On the other hand, these properties in the cluster and playbook config files are part of the iglu schemas so removing them would imply a new schema version, which may not be worth it. If that's the case it's easy to just add another case to the GetCredentialsProvider function for default.

I am happy to look at a PR for this, I've already set up the dev environment and found a few issues in the vagrant build as mentioned in https://github.com/snowplow/dataflow-runner/issues/62 which I would also include. @chuwy I would appreciate your feedback and guidance on this. For now I am making some changes and testing anyway but I'd prefer to get a PR merged so I don't have to run a custom fork.

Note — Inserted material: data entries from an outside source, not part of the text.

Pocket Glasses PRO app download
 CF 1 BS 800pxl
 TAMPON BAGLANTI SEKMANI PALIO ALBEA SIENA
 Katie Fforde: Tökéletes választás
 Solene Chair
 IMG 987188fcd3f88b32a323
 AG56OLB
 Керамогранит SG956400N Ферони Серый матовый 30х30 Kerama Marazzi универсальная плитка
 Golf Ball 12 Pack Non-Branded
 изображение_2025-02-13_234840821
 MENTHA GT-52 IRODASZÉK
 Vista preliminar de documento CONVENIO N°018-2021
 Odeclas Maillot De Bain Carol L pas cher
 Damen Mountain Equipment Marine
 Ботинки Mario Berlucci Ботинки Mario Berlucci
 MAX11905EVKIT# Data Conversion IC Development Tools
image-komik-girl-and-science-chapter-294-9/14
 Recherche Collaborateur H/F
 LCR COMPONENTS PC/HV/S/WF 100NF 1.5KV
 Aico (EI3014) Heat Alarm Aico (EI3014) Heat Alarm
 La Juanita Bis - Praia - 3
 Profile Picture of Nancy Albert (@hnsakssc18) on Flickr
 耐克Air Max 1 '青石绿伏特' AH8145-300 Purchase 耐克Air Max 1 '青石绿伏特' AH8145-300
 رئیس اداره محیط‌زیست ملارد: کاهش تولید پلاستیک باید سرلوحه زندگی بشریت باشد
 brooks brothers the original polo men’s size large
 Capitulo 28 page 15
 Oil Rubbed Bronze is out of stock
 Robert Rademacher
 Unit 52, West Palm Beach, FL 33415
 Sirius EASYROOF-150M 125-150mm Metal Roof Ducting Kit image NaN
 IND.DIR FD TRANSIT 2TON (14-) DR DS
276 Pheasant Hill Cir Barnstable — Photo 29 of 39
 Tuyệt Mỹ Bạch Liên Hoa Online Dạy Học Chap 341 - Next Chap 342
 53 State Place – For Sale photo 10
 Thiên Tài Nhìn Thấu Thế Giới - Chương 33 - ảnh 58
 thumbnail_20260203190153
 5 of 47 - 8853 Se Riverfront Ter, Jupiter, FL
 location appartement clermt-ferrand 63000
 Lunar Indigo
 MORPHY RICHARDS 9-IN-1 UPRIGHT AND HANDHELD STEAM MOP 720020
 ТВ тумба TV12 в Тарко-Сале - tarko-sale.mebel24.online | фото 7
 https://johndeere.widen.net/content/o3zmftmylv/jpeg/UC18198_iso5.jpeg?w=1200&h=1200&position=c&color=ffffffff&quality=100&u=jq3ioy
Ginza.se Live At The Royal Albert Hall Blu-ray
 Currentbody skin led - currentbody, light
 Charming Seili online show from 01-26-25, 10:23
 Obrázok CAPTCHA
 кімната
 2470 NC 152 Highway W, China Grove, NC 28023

davehowell commented 4 years ago

I've made changes and added tests that are passing, I will test the executable in my environment and then submit a PR.

I note that two unrelated tests failed before I made any changes, which I know how to fix. These are testing hashicorp consul related features:

  1. TestConsulLock
  2. TestGetLock

Both errors are happening in the makeClient function in lock_test.go on line 33.

FAIL: TestGetLock (2.02s)
    server.go:278: CONFIG JSON: {"node_name":"node-796518e7-0a25-b7b4-127b-bfb672a0efe3","node_id":"796518e7-0a25-b7b4-127b-bfb672a0efe3","performance":{"raft_multiplier":1},"bootstrap":true,"server":true,"data_dir":"/tmp/TestGetLock691941124/data","segments":null,"disable_update_check":true,"log_level":"debug","bind_addr":"127.0.0.1","addresses":{},"ports":{"dns":30427,"http":30428,"https":30429,"serf_lan":30430,"serf_wan":30431,"server":30432},"acl_enforce_version_8":false,"acl":{"tokens":{}},"connect":{"ca_config":{"cluster_id":"11111111-2222-3333-4444-555555555555"},"enabled":true}}
    io.go:404: ==> Error decoding '/tmp/TestGetLock691941124/config.json': Config has invalid keys: segments,connect,acl
    io.go:404:
    lock_test.go:33: api unavailable

I manually installed the latest version of consul (1.7.2) into the vagrant, and ran make test again and all of the tests pass.

PASS
coverage: 72.6% of statements 

The fix for this will be

  1. add a new playbook to the ansible-playbooks repo for that consul version - I submitted a PR for that https://github.com/snowplow/ansible-playbooks/pull/135
  2. When that is merged, edit the up.playbooks in this repo to refer to 1.7.2

That is not a long term fix, however. I think that this code should probably use go mod init and generate the dependency files.

davehowell commented 4 years ago

PR added https://github.com/snowplow/dataflow-runner/pull/63

davehowell commented 4 years ago

@chuwy It would be awesome if someone at Snowplow could review the PR. We've been running a fork with that since April, using ECS/Fargate, and would prefer to run the official version.